Write the listing below out again exactly, though only as far as the line with "Блок подушек безопасности", which is included.

========================

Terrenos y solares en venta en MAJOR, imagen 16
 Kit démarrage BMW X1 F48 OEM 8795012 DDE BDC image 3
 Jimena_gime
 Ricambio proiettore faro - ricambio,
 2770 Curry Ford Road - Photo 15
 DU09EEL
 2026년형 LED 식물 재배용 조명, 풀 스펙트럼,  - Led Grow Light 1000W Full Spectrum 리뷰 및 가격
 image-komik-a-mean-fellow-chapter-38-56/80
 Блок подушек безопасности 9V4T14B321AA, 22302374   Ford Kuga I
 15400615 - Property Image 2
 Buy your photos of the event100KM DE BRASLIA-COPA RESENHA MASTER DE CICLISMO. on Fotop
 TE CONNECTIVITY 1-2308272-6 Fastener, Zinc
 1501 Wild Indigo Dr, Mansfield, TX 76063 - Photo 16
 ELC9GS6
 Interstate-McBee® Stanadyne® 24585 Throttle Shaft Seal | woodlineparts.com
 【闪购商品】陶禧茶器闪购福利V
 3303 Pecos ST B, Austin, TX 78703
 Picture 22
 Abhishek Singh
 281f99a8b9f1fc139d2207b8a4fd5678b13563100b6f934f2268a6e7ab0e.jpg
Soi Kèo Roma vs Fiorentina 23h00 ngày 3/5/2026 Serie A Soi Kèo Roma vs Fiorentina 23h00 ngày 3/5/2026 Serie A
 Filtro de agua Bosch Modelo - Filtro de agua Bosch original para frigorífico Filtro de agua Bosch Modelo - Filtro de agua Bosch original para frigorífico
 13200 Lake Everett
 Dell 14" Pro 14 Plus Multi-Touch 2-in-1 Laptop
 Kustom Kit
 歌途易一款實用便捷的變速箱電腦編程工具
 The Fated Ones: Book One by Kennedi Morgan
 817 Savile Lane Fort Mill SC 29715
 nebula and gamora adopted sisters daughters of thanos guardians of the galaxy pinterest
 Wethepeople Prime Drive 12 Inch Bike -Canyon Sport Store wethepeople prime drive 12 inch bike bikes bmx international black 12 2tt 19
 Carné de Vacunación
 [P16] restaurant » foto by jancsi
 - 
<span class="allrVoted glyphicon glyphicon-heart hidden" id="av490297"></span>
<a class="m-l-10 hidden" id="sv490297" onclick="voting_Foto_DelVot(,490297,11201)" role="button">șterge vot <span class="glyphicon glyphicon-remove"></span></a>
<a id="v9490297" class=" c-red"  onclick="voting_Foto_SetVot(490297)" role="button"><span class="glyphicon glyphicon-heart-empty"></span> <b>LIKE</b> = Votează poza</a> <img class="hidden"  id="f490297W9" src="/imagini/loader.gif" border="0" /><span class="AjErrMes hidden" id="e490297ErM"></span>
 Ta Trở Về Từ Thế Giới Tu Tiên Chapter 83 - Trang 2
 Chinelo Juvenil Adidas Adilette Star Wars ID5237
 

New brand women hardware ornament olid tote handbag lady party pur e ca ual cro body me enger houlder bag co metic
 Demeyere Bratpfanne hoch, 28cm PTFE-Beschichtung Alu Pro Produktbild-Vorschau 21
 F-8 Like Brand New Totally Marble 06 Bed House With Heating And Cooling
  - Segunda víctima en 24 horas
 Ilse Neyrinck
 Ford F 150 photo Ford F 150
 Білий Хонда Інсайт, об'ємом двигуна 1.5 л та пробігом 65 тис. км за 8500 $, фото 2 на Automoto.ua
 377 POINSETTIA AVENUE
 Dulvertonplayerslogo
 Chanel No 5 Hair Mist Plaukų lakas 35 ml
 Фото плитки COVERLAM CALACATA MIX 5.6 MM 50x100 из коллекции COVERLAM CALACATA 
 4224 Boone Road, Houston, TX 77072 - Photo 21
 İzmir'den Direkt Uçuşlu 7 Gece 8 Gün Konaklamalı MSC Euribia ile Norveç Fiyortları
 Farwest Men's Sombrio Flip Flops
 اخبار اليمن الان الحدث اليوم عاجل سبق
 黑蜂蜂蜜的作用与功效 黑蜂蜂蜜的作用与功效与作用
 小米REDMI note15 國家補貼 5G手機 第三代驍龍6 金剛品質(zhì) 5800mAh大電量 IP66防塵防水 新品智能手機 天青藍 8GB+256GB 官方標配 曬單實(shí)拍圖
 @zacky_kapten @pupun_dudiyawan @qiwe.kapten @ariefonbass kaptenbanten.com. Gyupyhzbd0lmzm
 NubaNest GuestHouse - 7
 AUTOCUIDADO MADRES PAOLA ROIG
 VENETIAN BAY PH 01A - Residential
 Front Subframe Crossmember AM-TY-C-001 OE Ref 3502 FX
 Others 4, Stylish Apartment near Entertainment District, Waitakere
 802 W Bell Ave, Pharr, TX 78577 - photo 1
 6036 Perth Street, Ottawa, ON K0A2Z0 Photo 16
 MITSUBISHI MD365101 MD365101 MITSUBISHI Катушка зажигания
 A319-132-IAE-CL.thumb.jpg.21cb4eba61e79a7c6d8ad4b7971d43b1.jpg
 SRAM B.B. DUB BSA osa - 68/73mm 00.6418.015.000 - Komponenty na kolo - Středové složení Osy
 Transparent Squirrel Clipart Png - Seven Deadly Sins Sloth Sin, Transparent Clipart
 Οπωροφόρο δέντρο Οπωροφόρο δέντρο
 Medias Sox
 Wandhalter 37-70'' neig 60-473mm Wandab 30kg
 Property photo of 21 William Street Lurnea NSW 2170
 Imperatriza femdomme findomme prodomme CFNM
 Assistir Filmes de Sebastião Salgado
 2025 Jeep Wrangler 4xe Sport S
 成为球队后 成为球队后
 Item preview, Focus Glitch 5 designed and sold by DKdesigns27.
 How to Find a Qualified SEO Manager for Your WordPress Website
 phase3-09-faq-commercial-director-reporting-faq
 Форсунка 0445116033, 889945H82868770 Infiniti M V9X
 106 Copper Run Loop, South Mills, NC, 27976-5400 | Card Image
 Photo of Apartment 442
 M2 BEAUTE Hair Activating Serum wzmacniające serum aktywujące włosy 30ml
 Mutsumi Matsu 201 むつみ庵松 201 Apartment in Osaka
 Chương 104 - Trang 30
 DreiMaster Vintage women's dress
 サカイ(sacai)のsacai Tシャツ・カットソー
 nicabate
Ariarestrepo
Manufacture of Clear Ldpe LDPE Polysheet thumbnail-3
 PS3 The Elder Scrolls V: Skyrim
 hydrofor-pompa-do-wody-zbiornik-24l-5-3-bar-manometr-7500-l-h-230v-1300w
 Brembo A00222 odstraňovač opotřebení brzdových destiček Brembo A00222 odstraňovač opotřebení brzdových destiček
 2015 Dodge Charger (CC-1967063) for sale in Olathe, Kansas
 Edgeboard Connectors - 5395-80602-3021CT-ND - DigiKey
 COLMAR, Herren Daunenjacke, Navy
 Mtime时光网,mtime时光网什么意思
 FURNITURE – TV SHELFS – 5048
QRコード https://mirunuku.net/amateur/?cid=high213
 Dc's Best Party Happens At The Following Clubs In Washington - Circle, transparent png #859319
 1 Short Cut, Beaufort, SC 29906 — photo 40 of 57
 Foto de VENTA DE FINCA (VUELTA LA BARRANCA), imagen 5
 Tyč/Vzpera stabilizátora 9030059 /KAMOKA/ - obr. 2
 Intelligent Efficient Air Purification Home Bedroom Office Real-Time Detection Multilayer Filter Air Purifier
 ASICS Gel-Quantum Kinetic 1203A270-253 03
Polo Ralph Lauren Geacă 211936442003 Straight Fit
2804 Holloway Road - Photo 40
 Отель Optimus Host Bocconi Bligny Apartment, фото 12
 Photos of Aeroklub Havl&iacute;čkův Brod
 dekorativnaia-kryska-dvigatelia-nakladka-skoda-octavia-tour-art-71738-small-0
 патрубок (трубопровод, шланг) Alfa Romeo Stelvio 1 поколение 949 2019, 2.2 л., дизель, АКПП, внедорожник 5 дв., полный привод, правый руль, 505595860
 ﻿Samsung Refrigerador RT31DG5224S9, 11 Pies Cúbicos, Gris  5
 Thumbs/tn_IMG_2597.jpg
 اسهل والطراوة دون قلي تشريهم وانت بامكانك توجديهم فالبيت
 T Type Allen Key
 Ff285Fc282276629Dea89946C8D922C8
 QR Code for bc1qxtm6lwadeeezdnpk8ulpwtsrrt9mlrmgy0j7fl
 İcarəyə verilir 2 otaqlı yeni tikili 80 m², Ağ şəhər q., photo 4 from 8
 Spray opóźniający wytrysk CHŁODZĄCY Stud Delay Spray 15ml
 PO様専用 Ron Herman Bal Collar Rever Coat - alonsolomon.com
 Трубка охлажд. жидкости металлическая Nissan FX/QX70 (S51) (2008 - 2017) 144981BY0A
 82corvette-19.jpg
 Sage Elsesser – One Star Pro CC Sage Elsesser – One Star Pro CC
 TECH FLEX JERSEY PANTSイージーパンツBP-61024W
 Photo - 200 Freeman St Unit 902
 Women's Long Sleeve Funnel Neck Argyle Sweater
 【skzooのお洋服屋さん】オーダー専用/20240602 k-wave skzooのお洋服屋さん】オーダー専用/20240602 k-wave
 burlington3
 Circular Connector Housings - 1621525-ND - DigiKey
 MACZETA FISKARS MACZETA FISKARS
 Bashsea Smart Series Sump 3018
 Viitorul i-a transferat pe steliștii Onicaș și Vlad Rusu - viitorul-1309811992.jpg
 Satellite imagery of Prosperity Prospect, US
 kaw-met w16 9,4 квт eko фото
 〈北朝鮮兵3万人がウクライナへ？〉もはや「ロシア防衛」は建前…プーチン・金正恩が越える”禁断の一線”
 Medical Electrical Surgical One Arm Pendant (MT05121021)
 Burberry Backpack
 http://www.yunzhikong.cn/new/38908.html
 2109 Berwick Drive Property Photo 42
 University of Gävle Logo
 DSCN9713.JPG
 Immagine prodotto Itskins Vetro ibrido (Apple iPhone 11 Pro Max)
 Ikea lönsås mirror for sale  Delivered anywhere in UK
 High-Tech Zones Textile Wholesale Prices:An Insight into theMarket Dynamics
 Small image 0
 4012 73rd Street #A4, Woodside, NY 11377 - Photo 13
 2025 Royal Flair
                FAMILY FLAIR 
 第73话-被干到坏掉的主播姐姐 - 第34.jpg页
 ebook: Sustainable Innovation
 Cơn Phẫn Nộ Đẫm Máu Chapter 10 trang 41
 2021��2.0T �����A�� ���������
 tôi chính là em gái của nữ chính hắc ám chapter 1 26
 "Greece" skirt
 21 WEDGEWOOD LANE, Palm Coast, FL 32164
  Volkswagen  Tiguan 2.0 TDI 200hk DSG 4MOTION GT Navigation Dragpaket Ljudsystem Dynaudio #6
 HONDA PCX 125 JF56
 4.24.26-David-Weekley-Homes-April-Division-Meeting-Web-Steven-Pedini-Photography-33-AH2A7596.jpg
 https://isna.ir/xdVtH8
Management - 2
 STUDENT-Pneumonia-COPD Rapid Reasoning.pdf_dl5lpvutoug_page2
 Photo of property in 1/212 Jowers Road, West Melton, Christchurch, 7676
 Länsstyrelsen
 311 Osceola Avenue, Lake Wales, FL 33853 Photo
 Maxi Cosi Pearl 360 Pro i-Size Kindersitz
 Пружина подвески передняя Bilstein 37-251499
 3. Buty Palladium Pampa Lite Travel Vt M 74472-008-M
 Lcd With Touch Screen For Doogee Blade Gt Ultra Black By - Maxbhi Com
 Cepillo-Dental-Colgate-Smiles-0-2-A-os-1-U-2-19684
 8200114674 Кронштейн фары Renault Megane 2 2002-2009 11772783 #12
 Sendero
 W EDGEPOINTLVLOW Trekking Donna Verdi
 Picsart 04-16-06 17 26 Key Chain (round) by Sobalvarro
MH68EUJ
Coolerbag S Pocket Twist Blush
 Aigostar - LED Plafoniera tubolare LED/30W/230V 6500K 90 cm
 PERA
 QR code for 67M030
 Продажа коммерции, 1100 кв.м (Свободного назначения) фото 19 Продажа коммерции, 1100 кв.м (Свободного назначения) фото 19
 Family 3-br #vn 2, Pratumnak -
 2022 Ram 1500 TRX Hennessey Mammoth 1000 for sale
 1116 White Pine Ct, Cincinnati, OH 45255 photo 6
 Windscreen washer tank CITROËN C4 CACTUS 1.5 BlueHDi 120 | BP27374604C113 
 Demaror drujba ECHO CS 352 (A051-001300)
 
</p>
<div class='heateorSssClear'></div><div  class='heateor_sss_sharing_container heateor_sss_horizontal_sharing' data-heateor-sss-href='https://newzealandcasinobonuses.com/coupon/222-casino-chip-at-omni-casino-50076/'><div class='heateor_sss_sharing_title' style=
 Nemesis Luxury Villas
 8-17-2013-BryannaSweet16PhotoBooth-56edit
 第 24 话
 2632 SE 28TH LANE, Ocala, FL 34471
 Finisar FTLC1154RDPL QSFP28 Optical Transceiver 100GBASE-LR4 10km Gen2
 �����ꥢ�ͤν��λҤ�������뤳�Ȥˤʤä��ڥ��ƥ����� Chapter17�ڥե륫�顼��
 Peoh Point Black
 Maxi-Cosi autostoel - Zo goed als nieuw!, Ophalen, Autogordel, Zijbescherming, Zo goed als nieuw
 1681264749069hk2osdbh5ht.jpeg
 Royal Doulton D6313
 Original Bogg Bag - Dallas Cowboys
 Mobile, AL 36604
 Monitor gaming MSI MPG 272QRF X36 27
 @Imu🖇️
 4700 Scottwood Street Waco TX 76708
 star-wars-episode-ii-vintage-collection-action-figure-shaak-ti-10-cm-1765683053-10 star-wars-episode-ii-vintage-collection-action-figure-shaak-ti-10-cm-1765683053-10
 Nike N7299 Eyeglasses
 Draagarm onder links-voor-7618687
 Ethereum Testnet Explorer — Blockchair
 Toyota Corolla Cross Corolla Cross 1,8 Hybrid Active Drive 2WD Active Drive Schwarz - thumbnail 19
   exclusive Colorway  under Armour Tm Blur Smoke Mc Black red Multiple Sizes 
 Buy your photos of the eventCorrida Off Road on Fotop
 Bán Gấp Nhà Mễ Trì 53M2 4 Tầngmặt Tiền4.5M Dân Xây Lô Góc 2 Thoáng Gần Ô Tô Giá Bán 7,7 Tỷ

========================

## FINISHED TASK
Terrenos y solares en venta en MAJOR, imagen 16
 Kit démarrage BMW X1 F48 OEM 8795012 DDE BDC image 3
 Jimena_gime
 Ricambio proiettore faro - ricambio,
 2770 Curry Ford Road - Photo 15
 DU09EEL
 2026년형 LED 식물 재배용 조명, 풀 스펙트럼,  - Led Grow Light 1000W Full Spectrum 리뷰 및 가격
 image-komik-a-mean-fellow-chapter-38-56/80
 Блок подушек безопасности 9V4T14B321AA, 22302374   Ford Kuga I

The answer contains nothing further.